Middle East

Car bomb in Yemeni capital hits mourners, dozens wounded

A car bomb claimed by Islamic State exploded in the Yemeni capital Sanaa overnight, medics said, wounding at least 28 people gathered to mourn another attack earlier this month.
 
In a new sign that three months of war in Yemen was ratcheting up, the country's military spokesman said its forces had launched a Scud missile at a Saudi military base on Tuesday.
 
A Saudi-led military alliance has been bombing Yemen's dominant Houthi group and its allies in the army to dislodge them from the capital and restore the exiled president.
 
A sectarian-tinged conflict has raged throughout Yemen's south and center, pitting the Shi'ite Muslim Houthis against mostly Sunni local militiamen who support the Arab intervention.
 
The political vacuum has given hardline Sunni militants greater room to operate.
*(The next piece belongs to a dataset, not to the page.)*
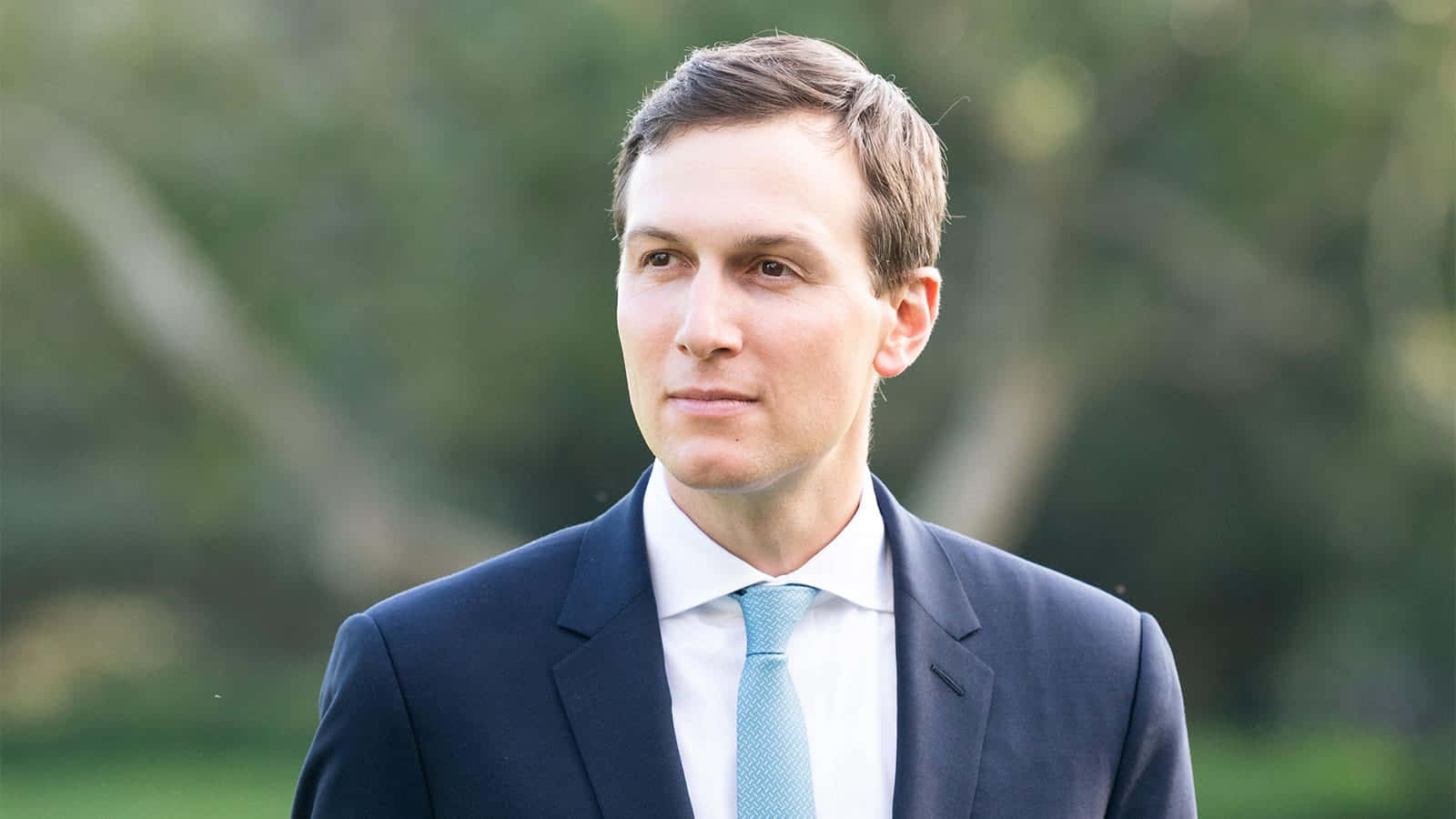 Jared Kushner Outside Wallpaper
They regard the Houthis as apostates worthy of death, and the overnight blast was the latest in a series of attacks on the group and their supporters.
 
"The explosion was caused by a car bomb which exploded behind the military hospital in the Sha'oub district in Sanaa, which injured 28 people including 12 women in a building where victims of a previous attack were being mourned," a medical source said.
 
In a statement posted online, Islamic State claimed responsibility for the blast, saying it had targeted the area "out of revenge for the Muslims against the Houthi apostates."
 
Despite the months of Arab air strikes backing up the Houthis' armed opponents in Yemen, the Houthis have not lost ground on the battlefield and have stepped up their exchanges of artillery and rocket fire with Saudi forces along their border.
 
Yemeni forces launched a Scud missile at a missile base in Saudi Arabia on Tuesday, Yemeni state news agency Saba quoted the military's spokesman as saying.
 
"The rocket units in our heroic armed forces today launched a Scud missile at the Al Sulayyil missile base in Riyadh province … it comes as a response to the crimes of the brutal Saudi aggression," Brigadier General Sharaf Luqman said.
 
Luqman said the attack hit the base, which is about 450 km (280 miles) south of the Saudi capital Riyadh, but a previous Scud launched by Yemen's forces earlier this month was shot down by Saudi patriot missiles despite Yemeni claims it struck its target.